The structure of this film is interesting because you filmed two series of interviews on stage — one with an audience and one without. Having seen the whole six hours, I’m curious about how different these interviews and the dynamic was.
That’s a very good question, because I have thought about it a lot funnily enough, because we wanted to do the audience. We wanted to do it because Mike had been a performer, but we didn’t want the whole film at all to be in front of an audience. I was afraid it would be Inside the Actors Studio. A smarter version of Inside, a less odious version of Inside the Actors Studio, and what’s really interesting, having sat with all the footage for a long time, is that the dynamic with Mike and Jack along with no audience is very intimate and relaxed.
You can see on his face and Mike’s demeanor in front of the audience. His energy came up, but his demeanor changed. He still told great stories, but I see less in him that is revealed personally. When I just look at his face without the audience I see a different quality than with the audience because of course he’s performing to a degree. Even though he has Jack there to make him comfortable, I think there’s still a little bit of the, whatever that formality is that comes in performing. But it was very interesting. His energy was quite a bit higher because you had the adrenaline of the audience being there, and in some ways that was helpful for the stories and also because he’s so smart he knew which stories are just perfect for an audience and he knew which stories made more sense to have between the two guys.
Was there a list of questions given to him in advance?
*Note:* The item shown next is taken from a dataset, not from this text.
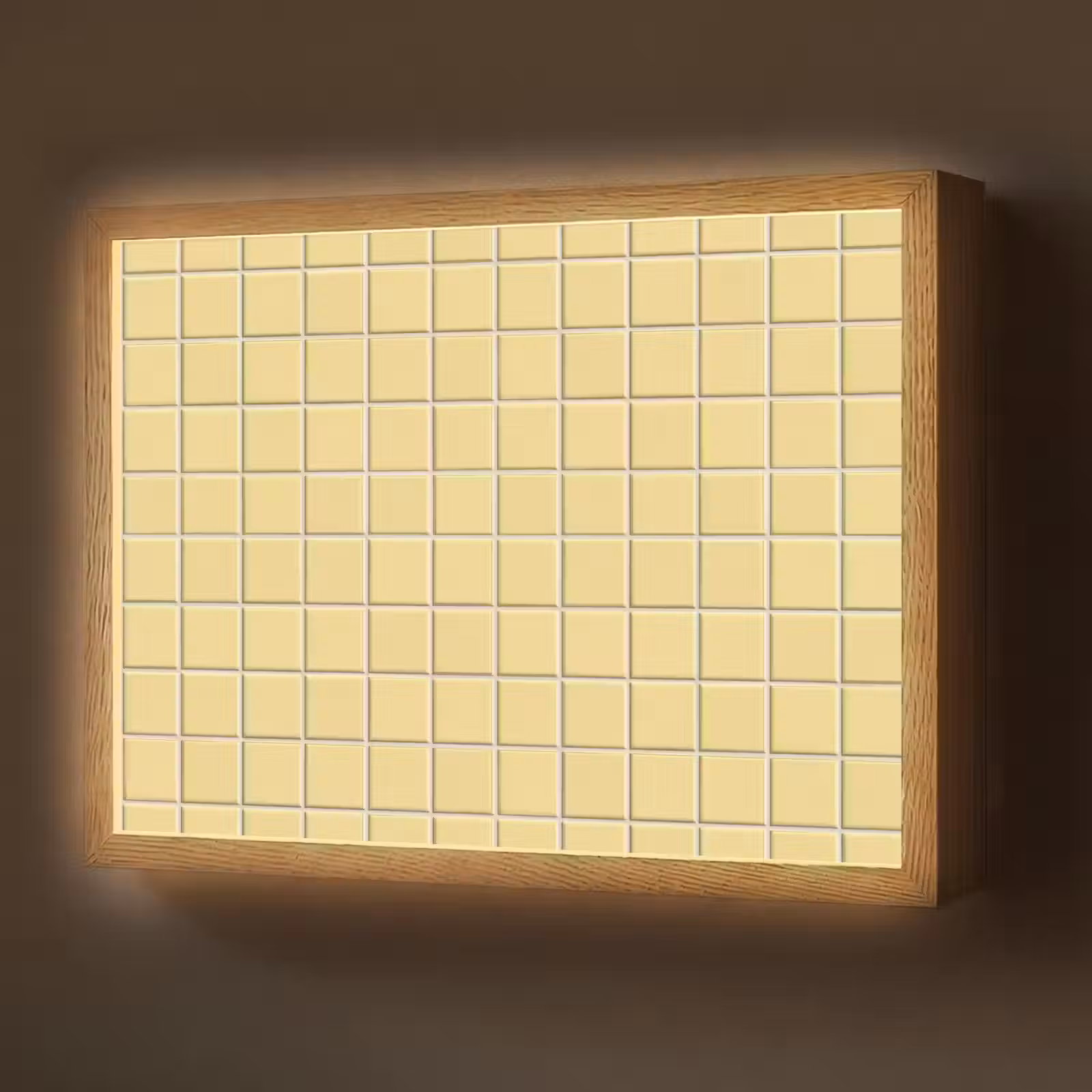 Lightbox - Wandlamp - Patroon - Tegels - Geel — 1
No, no, no, he knew nothing in advance. I mean he knew it was going to be about him, but he’s smart so he knew the general idea of questions, but no, Jack had his own questions and then the questions always started things. Then Mike would say something Jack hadn’t expected and he’s like, “What do you mean? Why don’t you tell me about that or why or what?” So Jack had a guide but he wasn’t uh bound by it.
Did you collaborate with Jack on that guide?
They are mostly his questions. I don’t want to take anything away from him, but occasionally I would say don’t forget about this or I noticed this, and I did think on the first day Mike told the story, the hilarious story to me, of Elaine May making up the title song for the brothers, and I did say I think you should ask about that when we have the audience because it’s just too good. The other stuff didn’t need to be repeated for the audience, but that was its own. Because you’ll notice with Jack — just Jack alone — it’s much more about his own intellectual process, and with the audience it’s more about anecdotes that demonstrate what that process is, but he knows there’s an audience there who want to hear full stories about the characters. Whereas with Jack he can talk about the mental process and the artistic process that led him to make his choices.
Becoming Mike Nichols is now in limited theatrical release, airing on HBO, and streaming on HBO Go.